名前を覚えてもらうことは素直に嬉しい
少し前になるが、「目立つ」ことについての記事を読んだ。
この記事の中で、にうさんは「自分のことを誰かに覚えてもらうことが難しい」と話している。
加えて、「相手のことを自分は覚えている」とも。
拝読して真っ先に出てきた感想は、「これめっちゃ僕じゃん」だった。
僕もさしてわかりやすい顔つきではない方だし、著名人の誰それに似ているといわれることもほとんどない。至って普通の、何の変哲もない30代日本人男性である。
そして、人の顔を覚えるのが得意なタイプである。いつ、どこで、どんなシチュエーションで、どんな話をしたかなど、けっこう覚えていたりする。
自分でも驚いたのが、一時期めちゃくちゃ通っていた某すすきののスナックのキャストさんの名刺(40~50人分くらいあった)を見ただけで、顔や話した内容を思い出せたことだ(さすがにもうほとんど忘れたが)。
誕生日も覚えていたので、たまたま店に行くときに「あ、確か今日は○○さんの誕生日だったな」とケーキを差し入れしたら、大層喜んでくれたこともある。
しかし裏を返せば、初めましてではない人に「初めましてですよね?」と言われることも少なくない。「えーっと…実は前にお会いしていますね…」と返すこともしばしば。
これがなかなか悲しい。あの時間は夢だったの?僕だけ違う記憶を植え付けられてしまったの?そんな…そんなの嘘だ! 嘘だといってよ、バーニィ!
ところが、だ。
前述した某スナックの話になるが、そこのキャストさんたちは非常に優秀だった。
僕の顔と名前をしっかり記憶しているのだ。
これが毎日のように足繁く通っているのなら嫌でも覚えるのだろうが、僕が来店するのなんてせいぜい2か月に1回程度(札幌に住んでいない頃だったので)。

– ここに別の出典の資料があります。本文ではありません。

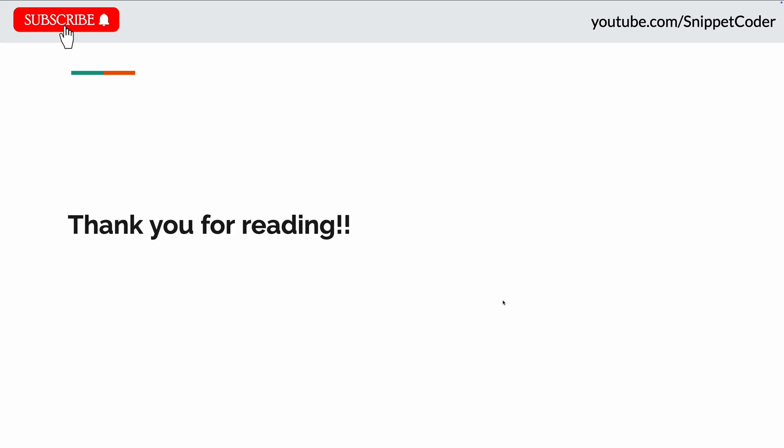These are the few highlighted important features which are introduced in the Flutter update 3.27. So I hope you liked the video. Don't forget to subscribe to the channel, like, comment, and share. I will come back soon with another awesome video. Thank you for watching the video.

1年以上空くことだってザラにあった。
そんな状況だったにもかかわらず、彼女らの多くは僕の存在をしっかり認識している。入店するや否や「あ~! 久しぶり~! 来てくれてありがとう~!」である。こんなん惚れてまうやろ。
とにかく、名前をなかなか覚えてもらえない身としては、こういう些細なことでご機嫌になる。
◇
少し飛躍するが、漫画『ONE PIECE』の名言の中に、Dr.ヒルルク(冬島編の回想に登場)のこんな台詞がある。
命が尽きても、その人のことを覚えていれば、その人は死なない。
逆に、忘れられてしまうということは、とんでもなく不幸なことなのではないだろうか。
冒頭のにうさんの記事の締めくくりは、「相手に覚えてもらいやすくするため、ビジュアルの工夫を考えてみよう」となっている。
覚えてもらえないことを嘆くのではなく、どうしたら覚えてもらえるかを考え実践することに目を向けている。
その手段の一つとして、服装についての言及があった。好きなものを好きなように着るのではなく、印象に残るような工夫をしてみようというのである。
なるほど、非常に勉強になった。
自分のことを覚えてもらうために工夫するということは、成長の第一歩なのだな。
僕もビジュアルに気を配ってみようと思う。
服は黒っぽいものばかりだし、髪も真っ黒。眼鏡のフレームも黒。フレームの種類はウェリントンだが、今やそれほどめずらしくもない。
髪色をブラック・ジャックよろしく右半分を白くしようか、眼鏡を成田悠輔よろしくアシンメトリーにしようか。
そう思った矢先、久しぶりのショッピングに浮足立ち、真っ黒のシアーシャツを買ってしまったので、先が思いやられる。